Easter 2010. The Ggantija Temple on Gozo showed its age with much of it being supported by scaffolding but it was still an impressive site. It is believed to be the oldest free standing man made structure in the world, constructed around 3600 BC.
Although not much to explore as most of the site was fenced off the temple oozed character and strength. The stone structure contains 2 temples, each seemed to honour the Goddess with its curves.
When it comes to 'looking at rocks' my family and I have an unspoken agreement, they are happy to tolerate my obsession as long as it doesn't involve me dragging them around a bunch of sites or trying to convince them how wonderful these places are. So I had a choice to make, I knew I could get away with taking them to one prehistoric site on Gozo. The island has many prehistoric sites from standing stones to temples to Dolmens, so where would it be? Without a doubt it had to be Ggantija.
Ggantija is signposted and quite easy to find. Once you get to Xaghra just look for the large car park and you know you're there.
When walking towards the temple it is worth looking at the surrounding walls. Not far inside of the main gate there are some large orthostats that have been interpreted as possibly another structure associated with the main temple.
Another feature worth looking out for is The North Cave, which is a cave just at the top of the site. The cave has been interpreted as possibly starting out as a rock cut tomb which then became a rubbish pit for the temples.
As for Ggantija itself, the scale of the walls is overwhelming. Mr Cope is spot-on when he refers to the walls as Cyclopean. I just had to stop and take it all in. This structure is five and a half thousand years old and was build by people who had no knowledge of metal. These stones were cut, erected and had fallen long out of use long before any Egyptian had even considered building a pyramid.
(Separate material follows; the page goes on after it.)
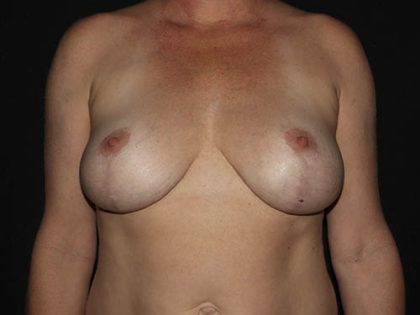 Breast Lift Before & After Patient #1757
Of course the Maltese temples were not the first structures in Europe, we on the margins of western Europe had been erecting our megaliths and building tombs even before the Maltese culture had risen and flourished, but what is important about these these Maltese and Gozitan temples where designed and built as public buildings, they had torba floors, the walls were plastered, they contained ornately carved decorative stonework as well as carved features such as holes for door posts, animal tethers, libation bowls etc.
I could bore you here with a long explanation of the lay-out of the temples but I'll spare you that. In a nutshell you have two temples enclosed by a huge wall, the older, western temple has five apses and the eastern temple has four plus what the guidebooks call a 'niche'. The Ggantija temples should not be seen in isolation, this part of the island has many prehistoric monuments. The Brochtorff Circle which is now known as the Xaghra circle is just on the other side of town, the Santa Verna temples lie 700 metres west of town and there are various other bits and bobs including Ta Ghejzu, a cave that yielded pottery from the Ggantija phase and has the possible remains of a temple on it's margins.
Ggantija is an extremely important site and is treated as such by the Goitans, it has had the full heritage treatment but is not over the top, this is no 'Stonehenge-site-in-cage' it is a site you can still interact with and come away feeling that you've had a personal experience. As temples go Ggantija is definitely a world class site and my second favourite temple of the islands.